A small London Internet firm has taken on Sam Khuri, the man behind Benchmark Print Supply, a bulk e-mail specialist in the US, and won. The court settlement involves Atlanta, Ga.-based Benchmark paying the firm, BiblioTech, an undisclosed sum in damages, as well as committing to pay an extra $1,000 to any individual affected by future spamming activities.

The legal bill for the case, one of the first completed in the Internet industry, is expected to be large. Benchmark has agreed to pick up the tab, as part of the settlement. The court ruling, which technically applies to the US, Newsbytes notes, actually aims to apply to all Internet users and Internet service providers (ISPs), and effectively bars Benchmark and/or Khuri from spamming any Internet user.

The case stems from the launch of BiblioTech's Postmaster e-mail service, which requires users to undertake not to use the service to spam people's Internet mailboxes.

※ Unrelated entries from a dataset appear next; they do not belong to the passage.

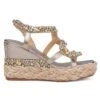 Alma En Pena Vera - Sandalen Met Sleehak - Bronce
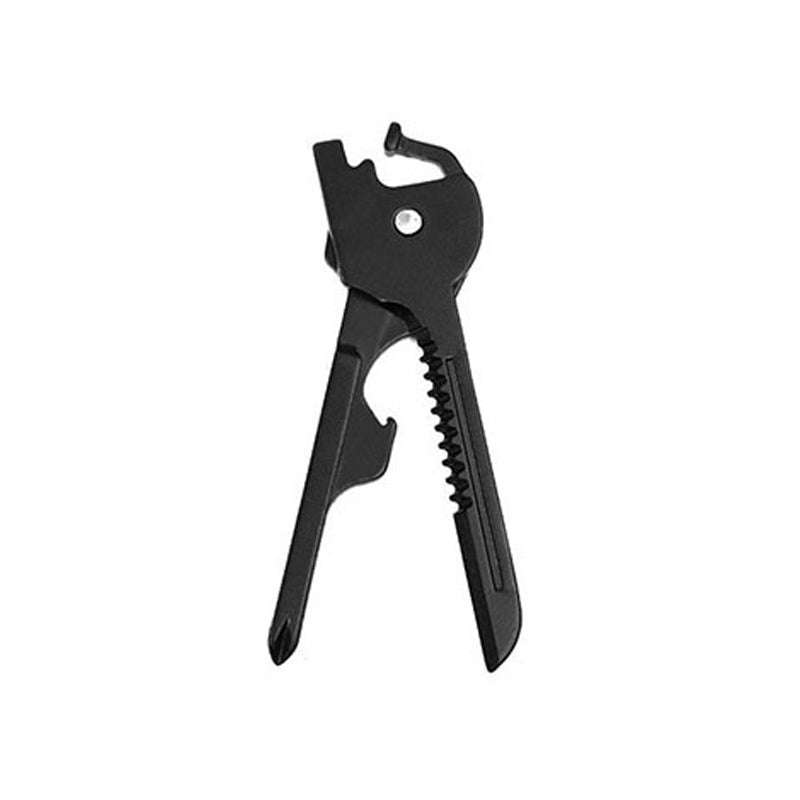 Multipurpose Keychain Key Survive Pocket Opener Shape Mini Multi Gear Utility Tech Tool Ring Screwdriver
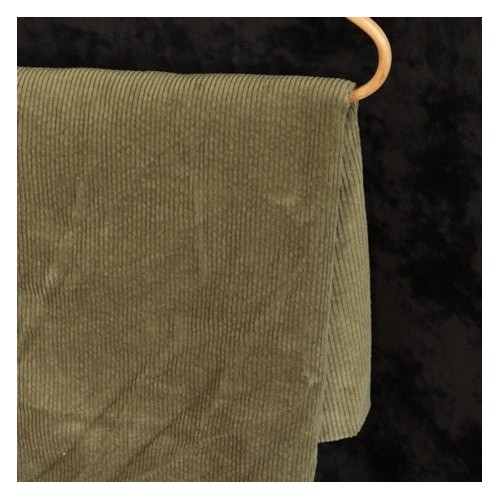 Tissu velours côtelé stretch - vert tilleul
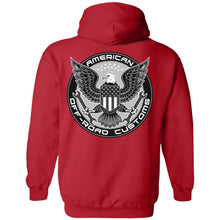AORC Vertical 2-sided print G185 Pullover Hoodie 8 oz.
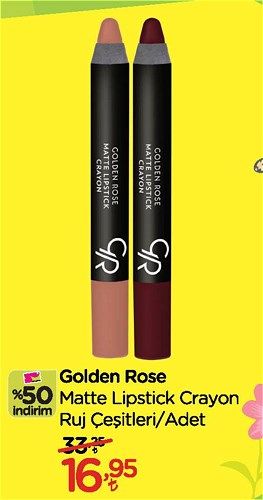 Watsons Golden Rose Matte Lipstick Crayon Ruj Çeşitleri/Adet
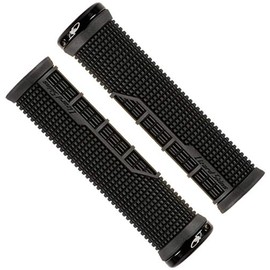Lizard Skins Machine Lock-On Mountain Bike Grips - Black, 135mm / Single Side Clamp Locking MTB Bar Part Rubber Handlebar Handle Ride Trail Cycling Cycle Enduro Downhill Hand Comfort Accessories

After bringing its action against Benchmark, BiblioTech apparently refused to settle its case in April, 1999, when, despite agreeing a financial settlement, Khuri refused to agree to a no-more-spamming clause in the settlement agreement.

Khuri apparently used BiblioTech's servers to route outbound bulk e-mail, and advertising for, among other things, low-cost print toner cartridges. The firm used lists of Internet addresses drawn from commercial mailing lists. The problem with such e-mail lists is that a significant number are often incorrect or out of date, resulting in such messages being bounced by the destination server.

BiblioTech said that the sheer volume of e-mail generated by Benchmark was such that, when messages started to bounce, for whatever reason, the London company's servers were brought to a halt for several days. The only successful case against an e-mail spammer in the UK was that of Virgin Net in 1999 against its user Adrian Paris.

The case against Paris, who Virgin Net said had been trading under the name ProPhoto UK, was the first of its type in the UK. In its High Court writ of April, 1999, the ISP alleged that he caused problems on its Internet servers by generating more than a quarter of a million junk e-mails. Even worse, however, was the allegation that, as a result of the mass e-mails, the Virgin Net mail server was placed on the Realtime Blackhole List (RBL), an informal list circulated among key ISPs that identifies which domains are generating large volumes of junk e-mail, known as "spamming" in Internet circles.

According to Virgin Net, Paris settled the lawsuit by agreeing not to open another account with the ISP, or to spam the firm's estimated quarter of million subscribers. As part of the settlement, he paid the ISP 5,000 pounds ($8,000) in costs and damages. Because the Virgin/Paris case was settled out of court, however, it meant that no legal precedent applies, either in the UK or elsewhere.

The legal precedent aspect of the BiblioTech/Benchmark case in the UK, however, could be short-lived as European Union legislation expected this summer will require that the sending of unsolicited e-mail be heavily regulated.